Please restate each line of the material word for word and omit any pictures.

* _Given information_
#####

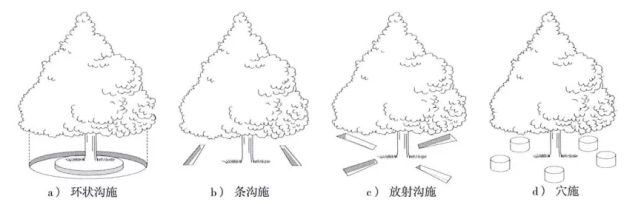 微信图片_20240318184207.png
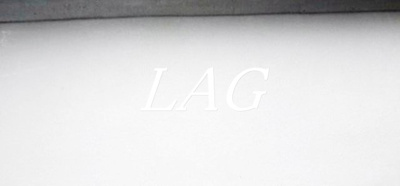 【バルコニー】 | ＣＲＥＶＡＮＣＥ亀戸 | バルコニーです。（同一仕様です）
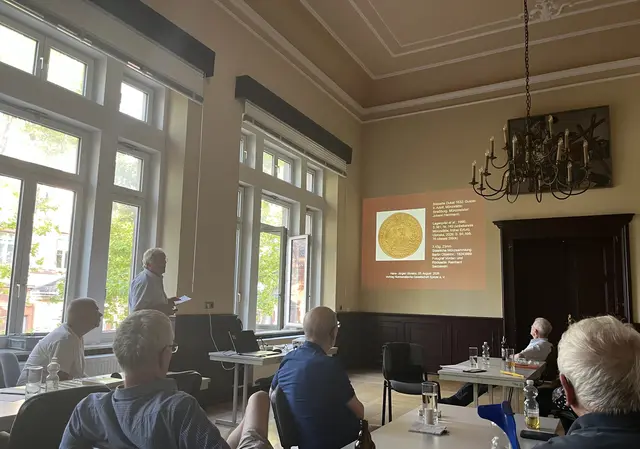 Foto: Jürgen Lorenz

#####

* _Response box_
 微信图片_20240318184207.png
 【バルコニー】 | ＣＲＥＶＡＮＣＥ亀戸 | バルコニーです。（同一仕様です）
 Foto: Jürgen Lorenz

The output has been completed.